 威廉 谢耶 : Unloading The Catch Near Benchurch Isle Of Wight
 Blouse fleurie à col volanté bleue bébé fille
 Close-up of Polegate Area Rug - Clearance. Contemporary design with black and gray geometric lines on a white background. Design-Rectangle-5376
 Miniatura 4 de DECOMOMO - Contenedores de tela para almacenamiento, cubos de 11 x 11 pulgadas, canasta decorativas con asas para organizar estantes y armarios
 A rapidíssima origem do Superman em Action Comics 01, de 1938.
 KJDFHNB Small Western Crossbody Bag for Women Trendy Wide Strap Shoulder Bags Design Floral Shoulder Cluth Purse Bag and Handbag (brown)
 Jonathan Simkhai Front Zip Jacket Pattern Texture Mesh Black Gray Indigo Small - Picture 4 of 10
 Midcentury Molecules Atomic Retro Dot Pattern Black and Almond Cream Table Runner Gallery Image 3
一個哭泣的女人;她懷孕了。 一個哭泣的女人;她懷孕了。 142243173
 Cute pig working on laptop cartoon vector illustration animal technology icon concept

...

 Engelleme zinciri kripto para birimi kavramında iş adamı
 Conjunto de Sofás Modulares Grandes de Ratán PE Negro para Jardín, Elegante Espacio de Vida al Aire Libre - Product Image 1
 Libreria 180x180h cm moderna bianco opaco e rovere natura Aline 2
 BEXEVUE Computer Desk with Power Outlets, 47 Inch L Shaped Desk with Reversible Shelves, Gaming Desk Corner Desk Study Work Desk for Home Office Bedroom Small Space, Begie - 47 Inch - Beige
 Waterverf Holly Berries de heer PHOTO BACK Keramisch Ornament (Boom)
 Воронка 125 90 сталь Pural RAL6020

--

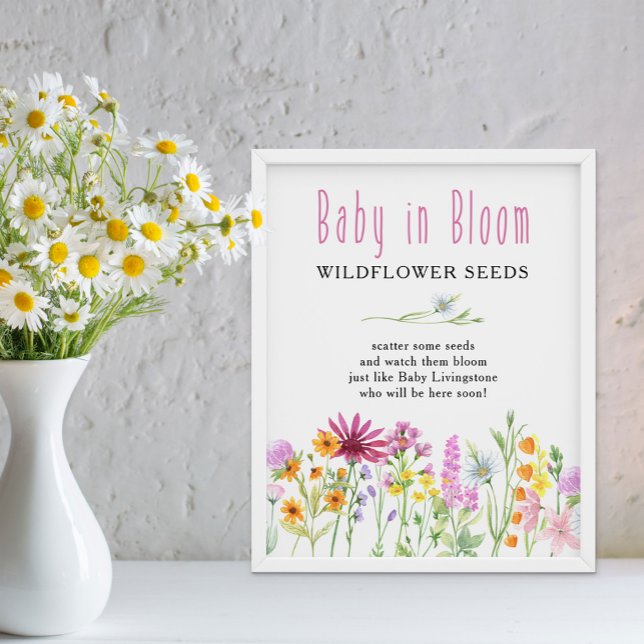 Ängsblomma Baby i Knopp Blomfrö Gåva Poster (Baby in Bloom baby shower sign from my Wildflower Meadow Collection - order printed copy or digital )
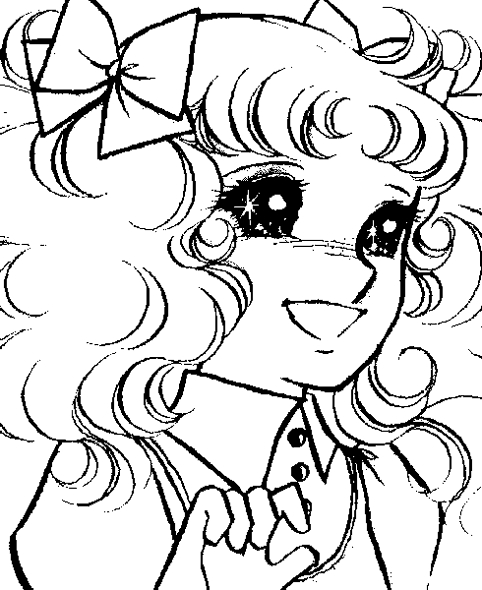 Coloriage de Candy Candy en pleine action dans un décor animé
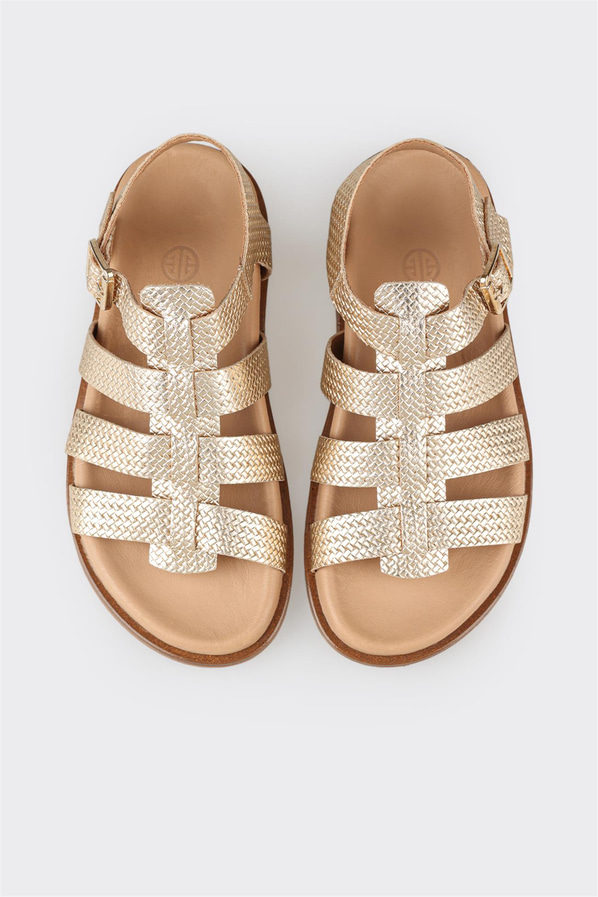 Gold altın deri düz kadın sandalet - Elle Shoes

What the task asks:
Given the records above, reproduce precisely and only the lines between the line holding "Close-up of Polegate" and the line holding "Cute pig working", inclusive.

Expected answer:
 Close-up of Polegate Area Rug - Clearance. Contemporary design with black and gray geometric lines on a white background. Design-Rectangle-5376
 Miniatura 4 de DECOMOMO - Contenedores de tela para almacenamiento, cubos de 11 x 11 pulgadas, canasta decorativas con asas para organizar estantes y armarios
 A rapidíssima origem do Superman em Action Comics 01, de 1938.
 KJDFHNB Small Western Crossbody Bag for Women Trendy Wide Strap Shoulder Bags Design Floral Shoulder Cluth Purse Bag and Handbag (brown)
 Jonathan Simkhai Front Zip Jacket Pattern Texture Mesh Black Gray Indigo Small - Picture 4 of 10
 Midcentury Molecules Atomic Retro Dot Pattern Black and Almond Cream Table Runner Gallery Image 3
一個哭泣的女人;她懷孕了。 一個哭泣的女人;她懷孕了。 142243173
 Cute pig working on laptop cartoon vector illustration animal technology icon concept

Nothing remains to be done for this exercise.